Существенно постоянство связи между «чертой» (функцией) и выполняющим ее предметом: все мыслимые нужды носителей культуры предусмотрены, и, даже если какая-то потребность возникает весьма редко, средства ее обеспечения не создаются всякий раз заново, но имеются наготове. Они должны обладать запасом устойчивости и прочности в предвидении варьирующихся внешних условий. Все сказанное с еще большим основанием относится к функциям, возникающим часто.
Развитая культура характеризуется, далее, комплектностью своих элементов: предметы, с одной стороны, образуют наборы, не подлежащие разрозниванию (уже упоминавшиеся гарнитуры и сервизы); с другой – состоят из частей, каждая из которых, в типичном случае, имеет смысл лишь в составе целого и делает предмет тем, что он есть. Важным аспектом комплектности является взаимное соответствие частей или элементов, их отмеченность как принадлежащих одному и тому же целому, их взаимообусловленность и точная пригонка друг к другу. Существуют синтагматические правила, регулирующие сочетаемость и совместимость предметов. Известна требовательность носителей культуры к аспекту соответствия, к тому, «идут» или «не идут» друг другу разные части комплекта (ср. в «Юности» Л. Н. Толстого: «Отношение сапог к панталонам тотчас решало в моих глазах положение человека»). Наконец, важна кондиция объекта, т. е. то стандартное состояние, которому он должен отвечать, чтобы успешно функционировать в системе культуры.

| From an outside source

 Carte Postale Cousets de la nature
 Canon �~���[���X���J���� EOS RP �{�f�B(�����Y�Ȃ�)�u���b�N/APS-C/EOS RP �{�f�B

Столь утонченная регламентация культуры на определенном этапе свидетельствует о ее силе, прочности и престиже. Но в конце концов она становится тягостной для многих носителей культуры и ощущается ими как симптом одряхления, обессмысливания и автоматизации жизни. Так, римские сатирики не раз высмеивали неимоверную специализацию в гастрономических вопросах 119 . Пресыщение сверхструктурностью существующего порядка и тяга к расшатыванию, компрометации его условностей характерны для периодов заката, fin de sie`cle, ярким примером чего является Россия рубежа столетий, отраженная в произведениях А. П. Чехова. У последнего проникновенно показаны многообразные формы окостенения культурных устоев «тысячелетней России» (см. Берковский 1969: 50) и намечены как бы пунктиром направления их распада и демонтажа, от чего логически оставался лишь один шаг к фактическому разрушению старой системы, каковое и было произведено в социальной сфере революцией, а в эстетической революционным и авангардным искусством 120 .
119
Например, требование гурманов, чтобы щука была выловлена в определенном месте Тибра – «между двумя мостами»; см.: Гораций, Сатиры, кн. II, 2, 34 и особенно кн. II, 4 (текст целиком посвящен высмеиванию сверхутонченной гастрономической культуры); Ювенал, Сатиры, XIV, 7–14 и др.
120
О чертах преемственности между Чеховым и радикальным авангардом см. Щеглов 1988: 318–322.